- WHAT TO PRODUCE
For the records below, print the lines from the line with "Роверелла беж светлый обр. гр. 60х119,5|" through the line with "Плита комбинированная Gorenje GK5C42BF" exactly as written; include both end lines and exclude the rest.

= Beginning of Section =

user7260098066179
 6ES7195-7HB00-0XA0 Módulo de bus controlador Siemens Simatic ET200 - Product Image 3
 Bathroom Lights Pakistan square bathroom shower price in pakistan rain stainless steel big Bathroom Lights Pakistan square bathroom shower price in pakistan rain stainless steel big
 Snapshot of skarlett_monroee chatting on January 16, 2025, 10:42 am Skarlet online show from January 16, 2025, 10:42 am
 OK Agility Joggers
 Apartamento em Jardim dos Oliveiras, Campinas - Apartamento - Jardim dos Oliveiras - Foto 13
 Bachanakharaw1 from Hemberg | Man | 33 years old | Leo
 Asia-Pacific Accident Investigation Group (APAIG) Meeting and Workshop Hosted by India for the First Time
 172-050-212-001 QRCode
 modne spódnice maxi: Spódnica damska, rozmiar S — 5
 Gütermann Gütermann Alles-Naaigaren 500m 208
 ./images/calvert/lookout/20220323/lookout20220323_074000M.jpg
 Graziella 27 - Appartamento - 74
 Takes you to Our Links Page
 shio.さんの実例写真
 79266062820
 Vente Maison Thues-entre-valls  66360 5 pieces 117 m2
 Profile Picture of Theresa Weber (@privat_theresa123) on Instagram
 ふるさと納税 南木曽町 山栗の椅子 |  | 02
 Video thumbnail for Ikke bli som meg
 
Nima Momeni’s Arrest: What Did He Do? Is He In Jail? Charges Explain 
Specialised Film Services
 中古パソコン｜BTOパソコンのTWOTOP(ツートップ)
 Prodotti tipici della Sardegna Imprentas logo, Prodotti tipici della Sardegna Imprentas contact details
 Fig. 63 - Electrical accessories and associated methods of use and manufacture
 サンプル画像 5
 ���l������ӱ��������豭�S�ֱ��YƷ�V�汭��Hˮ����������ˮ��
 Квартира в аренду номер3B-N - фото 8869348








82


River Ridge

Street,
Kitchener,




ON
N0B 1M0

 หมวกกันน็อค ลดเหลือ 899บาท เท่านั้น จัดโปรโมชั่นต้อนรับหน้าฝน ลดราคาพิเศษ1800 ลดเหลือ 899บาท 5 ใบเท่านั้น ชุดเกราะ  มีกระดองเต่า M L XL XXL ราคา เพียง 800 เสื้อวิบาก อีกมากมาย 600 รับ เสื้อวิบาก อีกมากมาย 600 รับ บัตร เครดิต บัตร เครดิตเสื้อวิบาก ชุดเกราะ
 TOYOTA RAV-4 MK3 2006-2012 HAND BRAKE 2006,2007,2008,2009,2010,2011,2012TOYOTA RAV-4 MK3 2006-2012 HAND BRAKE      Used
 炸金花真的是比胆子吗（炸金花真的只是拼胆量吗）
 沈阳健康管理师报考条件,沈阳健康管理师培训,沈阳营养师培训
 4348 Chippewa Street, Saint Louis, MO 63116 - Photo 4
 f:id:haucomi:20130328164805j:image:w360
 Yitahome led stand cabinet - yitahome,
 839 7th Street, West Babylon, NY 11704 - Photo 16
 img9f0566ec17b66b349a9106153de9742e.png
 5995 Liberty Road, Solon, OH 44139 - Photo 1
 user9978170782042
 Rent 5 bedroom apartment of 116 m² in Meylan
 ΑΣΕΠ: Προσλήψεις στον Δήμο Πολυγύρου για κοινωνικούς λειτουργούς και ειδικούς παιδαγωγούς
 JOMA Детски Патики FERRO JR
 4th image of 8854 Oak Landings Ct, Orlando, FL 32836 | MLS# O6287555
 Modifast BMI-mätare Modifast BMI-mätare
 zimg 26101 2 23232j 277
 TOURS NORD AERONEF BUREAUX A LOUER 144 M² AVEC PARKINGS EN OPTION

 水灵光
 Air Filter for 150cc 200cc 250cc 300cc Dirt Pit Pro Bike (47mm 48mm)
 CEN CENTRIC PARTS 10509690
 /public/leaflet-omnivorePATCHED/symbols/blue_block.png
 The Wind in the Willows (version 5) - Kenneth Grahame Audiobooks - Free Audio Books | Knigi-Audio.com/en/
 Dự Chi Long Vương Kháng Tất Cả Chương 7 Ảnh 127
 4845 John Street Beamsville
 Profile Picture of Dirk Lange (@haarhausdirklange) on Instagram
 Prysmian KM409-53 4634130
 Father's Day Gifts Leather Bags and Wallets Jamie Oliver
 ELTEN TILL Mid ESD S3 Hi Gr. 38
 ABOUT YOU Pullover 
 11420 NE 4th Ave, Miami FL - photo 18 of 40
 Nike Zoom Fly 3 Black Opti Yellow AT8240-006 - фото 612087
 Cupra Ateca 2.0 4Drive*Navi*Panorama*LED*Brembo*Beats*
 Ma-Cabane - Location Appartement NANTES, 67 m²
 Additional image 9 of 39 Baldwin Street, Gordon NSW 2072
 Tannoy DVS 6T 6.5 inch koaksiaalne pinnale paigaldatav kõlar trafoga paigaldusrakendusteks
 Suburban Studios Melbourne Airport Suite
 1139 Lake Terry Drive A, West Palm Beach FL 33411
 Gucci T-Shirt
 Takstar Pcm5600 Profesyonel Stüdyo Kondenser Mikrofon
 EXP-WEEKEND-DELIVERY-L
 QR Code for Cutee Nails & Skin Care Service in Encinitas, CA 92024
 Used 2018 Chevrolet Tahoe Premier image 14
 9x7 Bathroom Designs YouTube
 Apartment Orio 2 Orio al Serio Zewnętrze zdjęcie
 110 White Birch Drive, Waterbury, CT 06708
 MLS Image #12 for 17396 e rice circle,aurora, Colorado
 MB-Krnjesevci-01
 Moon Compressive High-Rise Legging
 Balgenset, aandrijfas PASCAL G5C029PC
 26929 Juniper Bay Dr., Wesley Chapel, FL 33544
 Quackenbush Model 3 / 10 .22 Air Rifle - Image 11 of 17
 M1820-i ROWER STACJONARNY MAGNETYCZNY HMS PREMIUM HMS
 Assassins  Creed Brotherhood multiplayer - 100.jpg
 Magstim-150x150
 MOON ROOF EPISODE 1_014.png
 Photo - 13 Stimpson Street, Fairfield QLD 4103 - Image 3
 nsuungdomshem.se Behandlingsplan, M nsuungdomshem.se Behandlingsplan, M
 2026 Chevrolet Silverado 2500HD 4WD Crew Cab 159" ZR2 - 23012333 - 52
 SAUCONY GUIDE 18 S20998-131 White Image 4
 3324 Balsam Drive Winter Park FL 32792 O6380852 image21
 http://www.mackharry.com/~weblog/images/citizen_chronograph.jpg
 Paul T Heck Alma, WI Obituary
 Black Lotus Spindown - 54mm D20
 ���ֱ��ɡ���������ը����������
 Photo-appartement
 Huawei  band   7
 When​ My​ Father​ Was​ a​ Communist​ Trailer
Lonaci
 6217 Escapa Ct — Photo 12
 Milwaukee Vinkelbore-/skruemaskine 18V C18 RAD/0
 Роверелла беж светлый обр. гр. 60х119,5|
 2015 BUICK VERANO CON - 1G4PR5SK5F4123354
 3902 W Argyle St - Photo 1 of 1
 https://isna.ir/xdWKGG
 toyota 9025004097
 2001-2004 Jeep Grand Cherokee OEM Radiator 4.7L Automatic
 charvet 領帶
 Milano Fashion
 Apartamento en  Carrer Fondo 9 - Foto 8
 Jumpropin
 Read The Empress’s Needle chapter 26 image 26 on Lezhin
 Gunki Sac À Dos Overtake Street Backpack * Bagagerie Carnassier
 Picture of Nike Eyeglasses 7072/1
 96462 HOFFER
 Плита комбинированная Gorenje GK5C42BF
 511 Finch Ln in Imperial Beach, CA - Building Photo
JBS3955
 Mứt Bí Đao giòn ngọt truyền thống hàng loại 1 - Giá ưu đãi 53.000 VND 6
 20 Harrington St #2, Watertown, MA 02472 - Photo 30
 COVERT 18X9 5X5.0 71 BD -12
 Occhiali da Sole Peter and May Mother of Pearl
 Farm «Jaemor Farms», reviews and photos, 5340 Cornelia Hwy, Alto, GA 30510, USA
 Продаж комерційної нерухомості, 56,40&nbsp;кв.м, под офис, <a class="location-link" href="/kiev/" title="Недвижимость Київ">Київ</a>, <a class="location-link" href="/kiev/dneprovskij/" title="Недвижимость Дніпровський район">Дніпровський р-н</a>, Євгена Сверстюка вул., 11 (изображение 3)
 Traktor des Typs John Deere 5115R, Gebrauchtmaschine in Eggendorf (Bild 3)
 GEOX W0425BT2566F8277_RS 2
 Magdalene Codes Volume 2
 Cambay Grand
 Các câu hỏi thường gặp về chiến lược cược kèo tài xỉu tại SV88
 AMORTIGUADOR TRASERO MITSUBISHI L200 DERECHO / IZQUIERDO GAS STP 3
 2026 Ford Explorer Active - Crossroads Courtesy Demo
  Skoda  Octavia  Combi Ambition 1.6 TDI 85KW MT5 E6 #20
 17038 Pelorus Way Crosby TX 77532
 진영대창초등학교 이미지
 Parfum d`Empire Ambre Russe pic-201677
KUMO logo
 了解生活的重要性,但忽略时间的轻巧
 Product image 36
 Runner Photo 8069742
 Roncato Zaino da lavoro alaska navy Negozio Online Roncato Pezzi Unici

= End of Section =

- RESULT OF THIS EXERCISE
 Роверелла беж светлый обр. гр. 60х119,5|
 2015 BUICK VERANO CON - 1G4PR5SK5F4123354
 3902 W Argyle St - Photo 1 of 1
 https://isna.ir/xdWKGG
 toyota 9025004097
 2001-2004 Jeep Grand Cherokee OEM Radiator 4.7L Automatic
 charvet 領帶
 Milano Fashion
 Apartamento en  Carrer Fondo 9 - Foto 8
 Jumpropin
 Read The Empress’s Needle chapter 26 image 26 on Lezhin
 Gunki Sac À Dos Overtake Street Backpack * Bagagerie Carnassier
 Picture of Nike Eyeglasses 7072/1
 96462 HOFFER
 Плита комбинированная Gorenje GK5C42BF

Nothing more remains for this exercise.